### PROBLEM
Your reproduction of the entries should be exact and should contain no pictures.

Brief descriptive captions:

—————

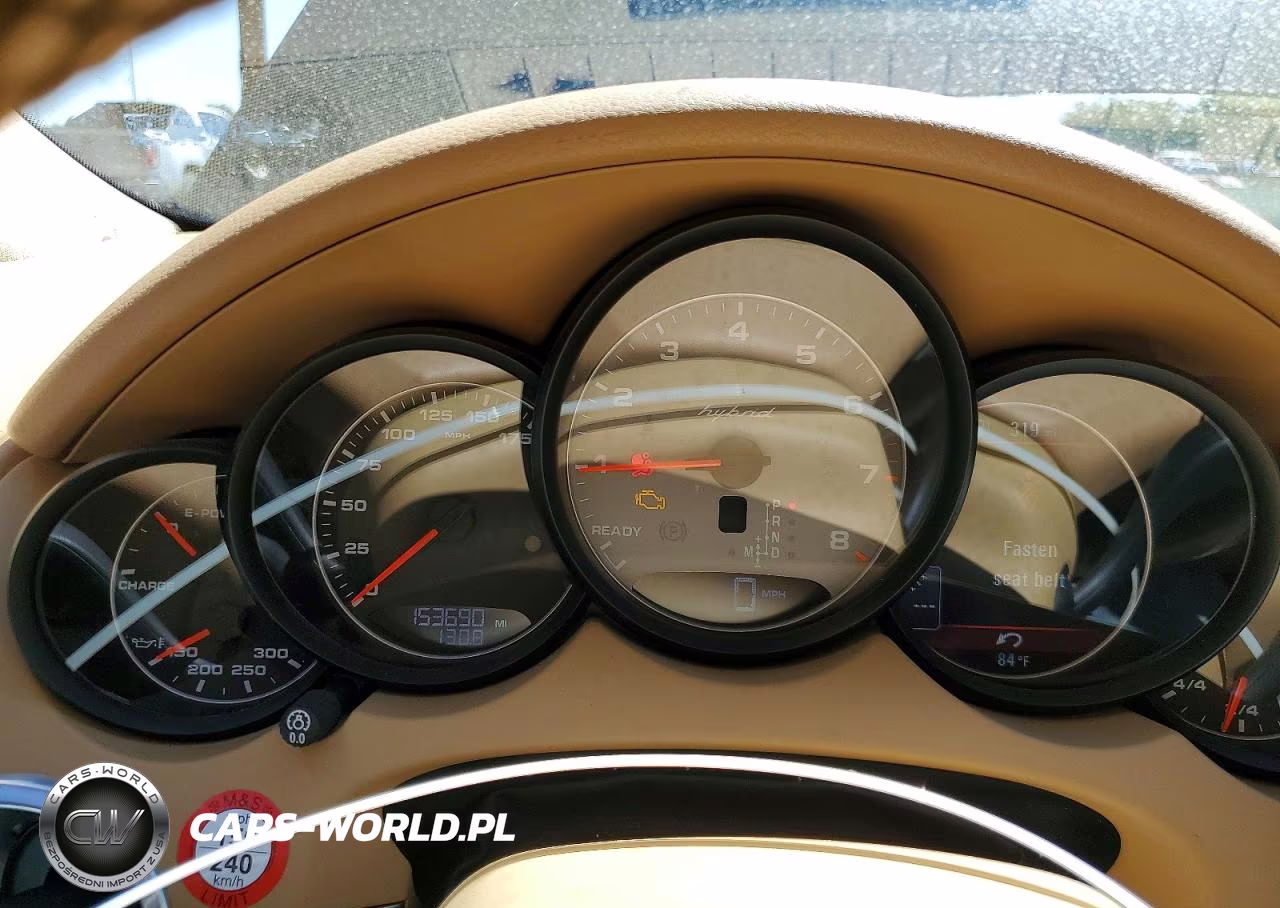 2012 Porsche Cayenne S Hybrid VIN:WP1AE2A24CLA93785 - 9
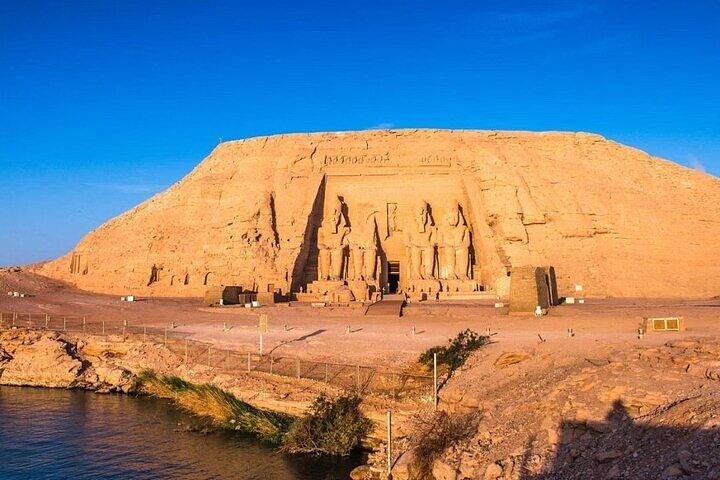 Tour all inclusive di Abu Simbel da Assuan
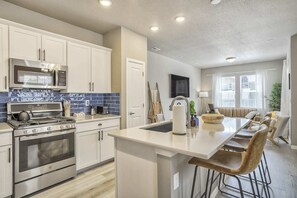 微波炉、烤箱、炉灶、洗碗机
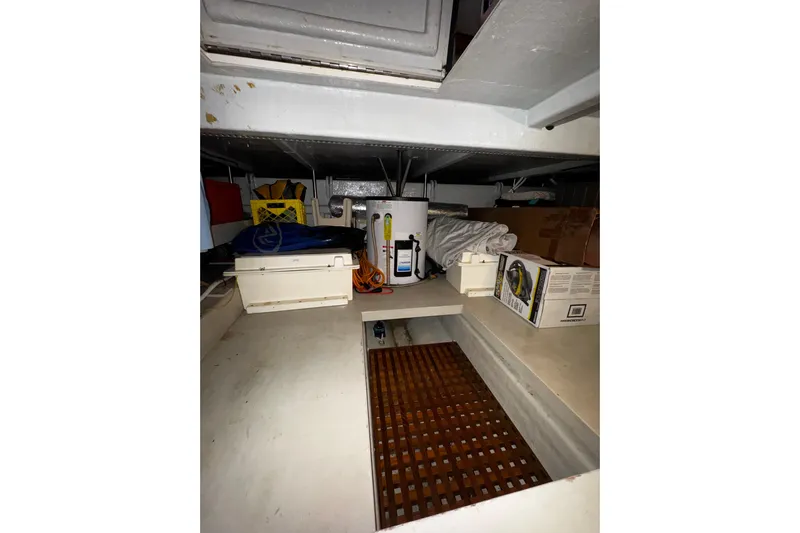 Gullwing Yacht Photos Pics Storage area in a 1998 Mikelson 43 Sportfisher boat, featuring various equipment and supplies.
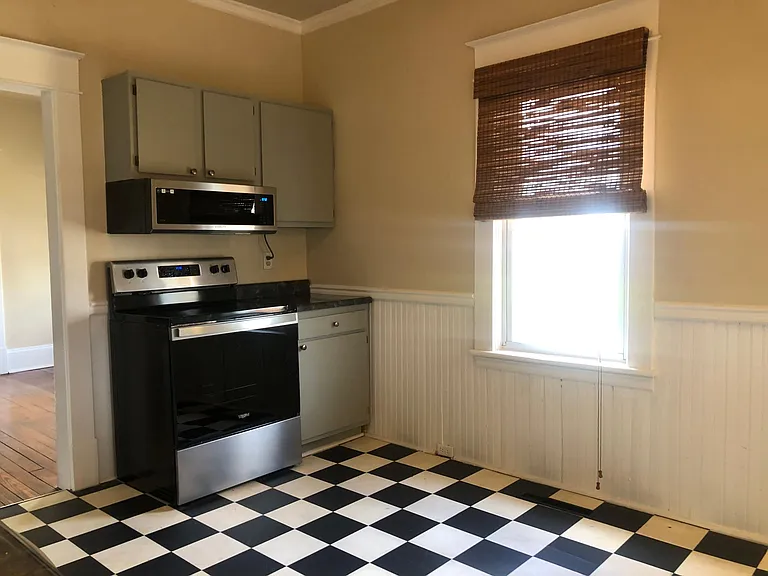 112 N Bruffey St — Photo 15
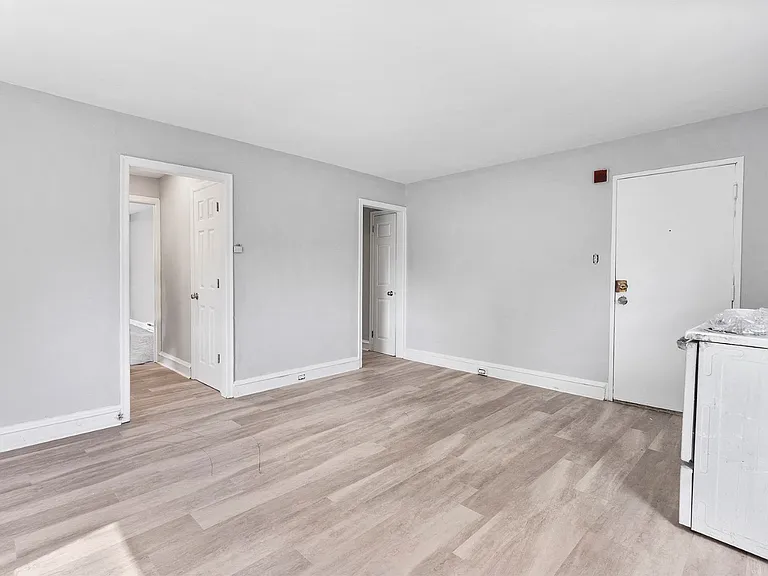 4712 Leiper Street — Photo 3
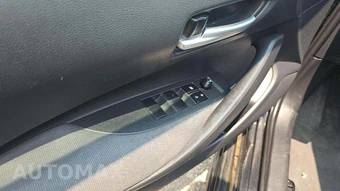 2021 Toyota Corolla LE Sedan - miniatura 23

—————

### SOLUTION FOR THIS TASK
 2012 Porsche Cayenne S Hybrid VIN:WP1AE2A24CLA93785 - 9
 Tour all inclusive di Abu Simbel da Assuan
 微波炉、烤箱、炉灶、洗碗机
 Gullwing Yacht Photos Pics Storage area in a 1998 Mikelson 43 Sportfisher boat, featuring various equipment and supplies.
 112 N Bruffey St — Photo 15
 4712 Leiper Street — Photo 3
 2021 Toyota Corolla LE Sedan - miniatura 23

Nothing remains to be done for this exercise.